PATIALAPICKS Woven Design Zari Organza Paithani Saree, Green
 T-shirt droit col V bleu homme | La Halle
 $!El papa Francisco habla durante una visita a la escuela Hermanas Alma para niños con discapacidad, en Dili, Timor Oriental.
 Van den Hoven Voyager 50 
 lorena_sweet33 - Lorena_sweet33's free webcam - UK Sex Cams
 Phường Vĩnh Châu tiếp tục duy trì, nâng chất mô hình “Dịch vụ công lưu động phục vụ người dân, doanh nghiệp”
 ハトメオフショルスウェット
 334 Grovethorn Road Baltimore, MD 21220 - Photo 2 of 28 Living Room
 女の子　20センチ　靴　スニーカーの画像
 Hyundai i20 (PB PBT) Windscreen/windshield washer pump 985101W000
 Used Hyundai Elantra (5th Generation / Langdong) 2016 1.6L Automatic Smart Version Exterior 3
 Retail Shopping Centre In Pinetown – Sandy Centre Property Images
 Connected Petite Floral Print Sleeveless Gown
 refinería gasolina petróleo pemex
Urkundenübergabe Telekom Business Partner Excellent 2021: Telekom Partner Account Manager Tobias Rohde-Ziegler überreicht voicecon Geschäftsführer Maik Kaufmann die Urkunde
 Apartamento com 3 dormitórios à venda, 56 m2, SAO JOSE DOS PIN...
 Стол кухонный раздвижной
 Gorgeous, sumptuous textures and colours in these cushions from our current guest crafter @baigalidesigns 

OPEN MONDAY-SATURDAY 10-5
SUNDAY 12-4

THE TASK: Each record is to be repeated exactly.

RESPONSE AREA:
PATIALAPICKS Woven Design Zari Organza Paithani Saree, Green
 T-shirt droit col V bleu homme | La Halle
 $!El papa Francisco habla durante una visita a la escuela Hermanas Alma para niños con discapacidad, en Dili, Timor Oriental.
 Van den Hoven Voyager 50 
 lorena_sweet33 - Lorena_sweet33's free webcam - UK Sex Cams
 Phường Vĩnh Châu tiếp tục duy trì, nâng chất mô hình “Dịch vụ công lưu động phục vụ người dân, doanh nghiệp”
 ハトメオフショルスウェット
 334 Grovethorn Road Baltimore, MD 21220 - Photo 2 of 28 Living Room
 女の子　20センチ　靴　スニーカーの画像
 Hyundai i20 (PB PBT) Windscreen/windshield washer pump 985101W000
 Used Hyundai Elantra (5th Generation / Langdong) 2016 1.6L Automatic Smart Version Exterior 3
 Retail Shopping Centre In Pinetown – Sandy Centre Property Images
 Connected Petite Floral Print Sleeveless Gown
 refinería gasolina petróleo pemex
Urkundenübergabe Telekom Business Partner Excellent 2021: Telekom Partner Account Manager Tobias Rohde-Ziegler überreicht voicecon Geschäftsführer Maik Kaufmann die Urkunde
 Apartamento com 3 dormitórios à venda, 56 m2, SAO JOSE DOS PIN...
 Стол кухонный раздвижной
 Gorgeous, sumptuous textures and colours in these cushions from our current guest crafter @baigalidesigns 

OPEN MONDAY-SATURDAY 10-5
SUNDAY 12-4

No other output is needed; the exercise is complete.